TASK DATA START
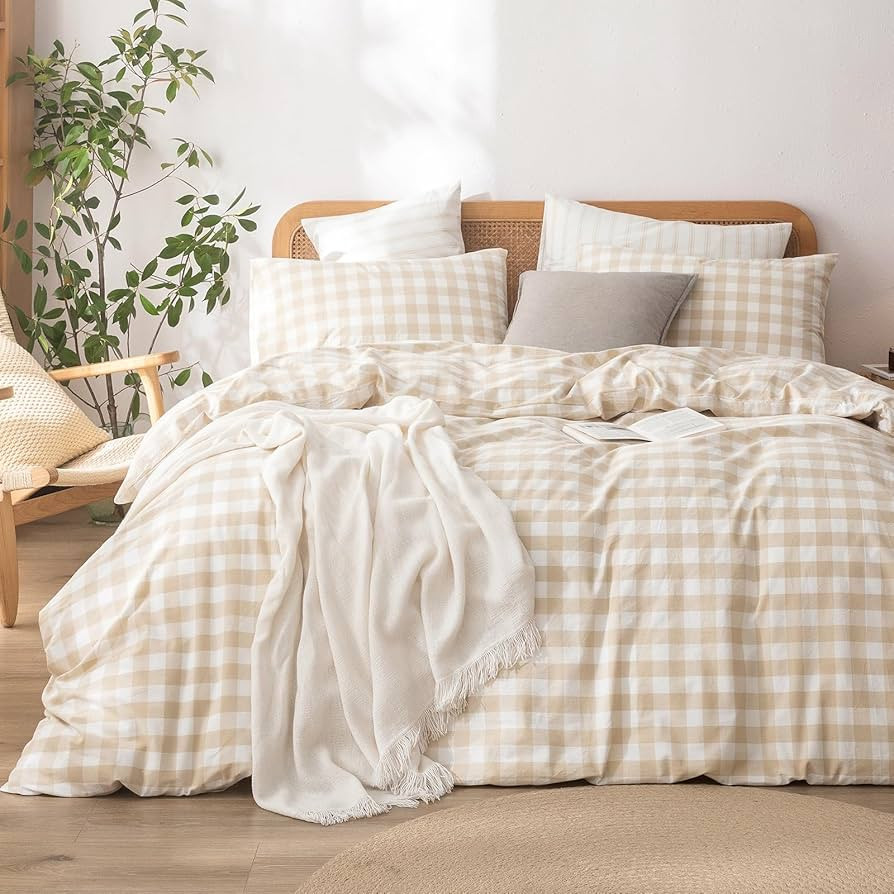 BESTOUCH Duvet Cover Set 100% Washed Cotton Linen Feel Super Soft Comfortable Chic Lightweight 3 ... | Amazon (US)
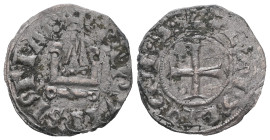 Crusaders, Uncertain. BI Denier. Castle / Cross patent. 0.71 g - 19.02 mm.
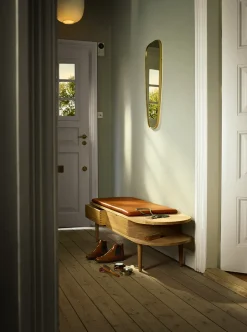 FDB Møbler Banco F24 Radius, Oak nature lacquered 45x145 cm Marrón Clearance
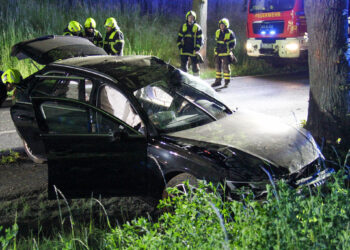 Autounfall bei Schönefeld: Drei Verletzte nach Baumkollision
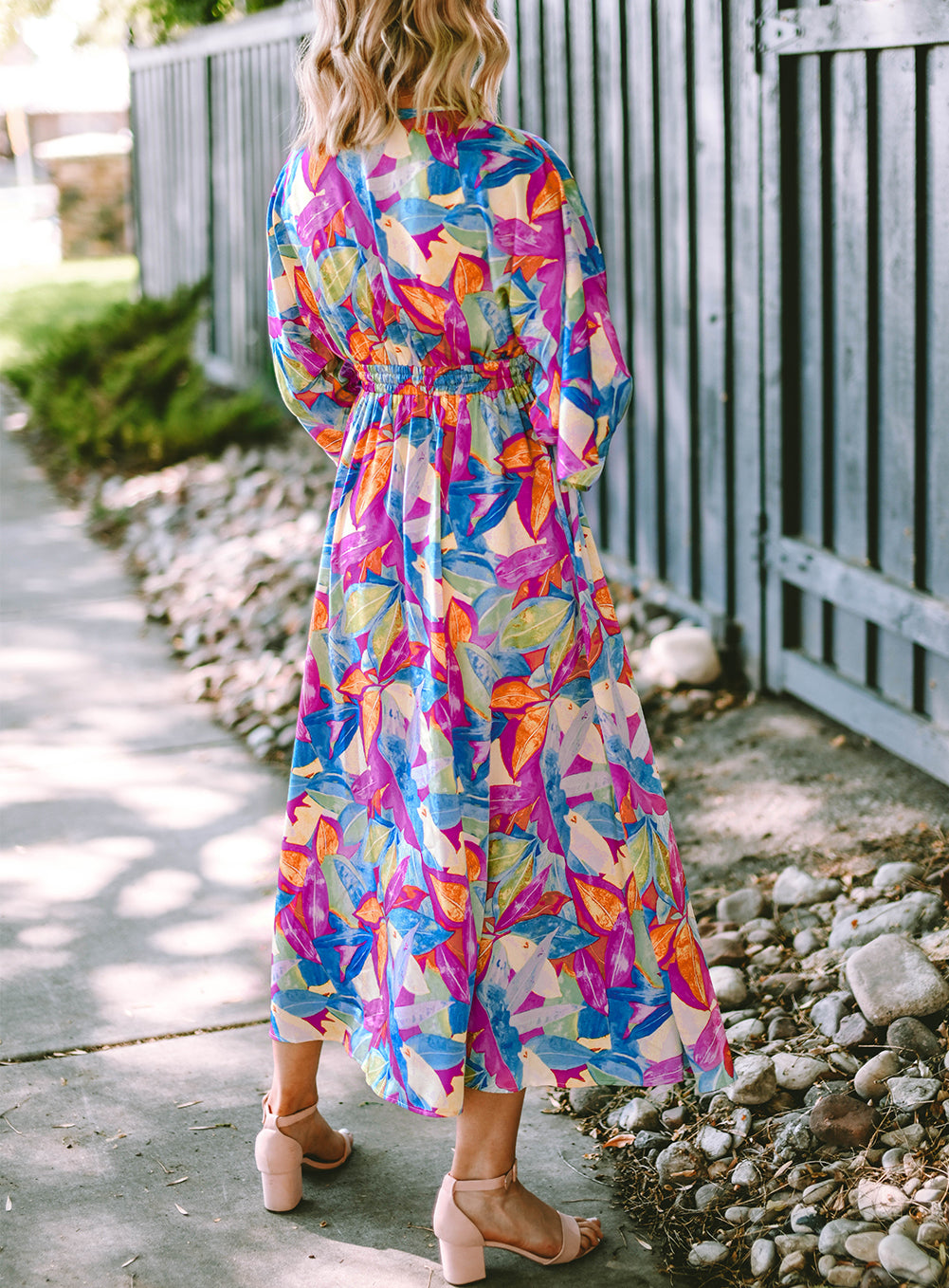 Abstract Print High Waist V Neck Maxi Dress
TASK DATA END
=== WHAT TO PRODUCE ===
Reproduce every line above exactly, pictures excluded.

=== SOLUTION TO THE PROBLEM ===
 BESTOUCH Duvet Cover Set 100% Washed Cotton Linen Feel Super Soft Comfortable Chic Lightweight 3 ... | Amazon (US)
 Crusaders, Uncertain. BI Denier. Castle / Cross patent. 0.71 g - 19.02 mm.
 FDB Møbler Banco F24 Radius, Oak nature lacquered 45x145 cm Marrón Clearance
 Autounfall bei Schönefeld: Drei Verletzte nach Baumkollision
 Abstract Print High Waist V Neck Maxi Dress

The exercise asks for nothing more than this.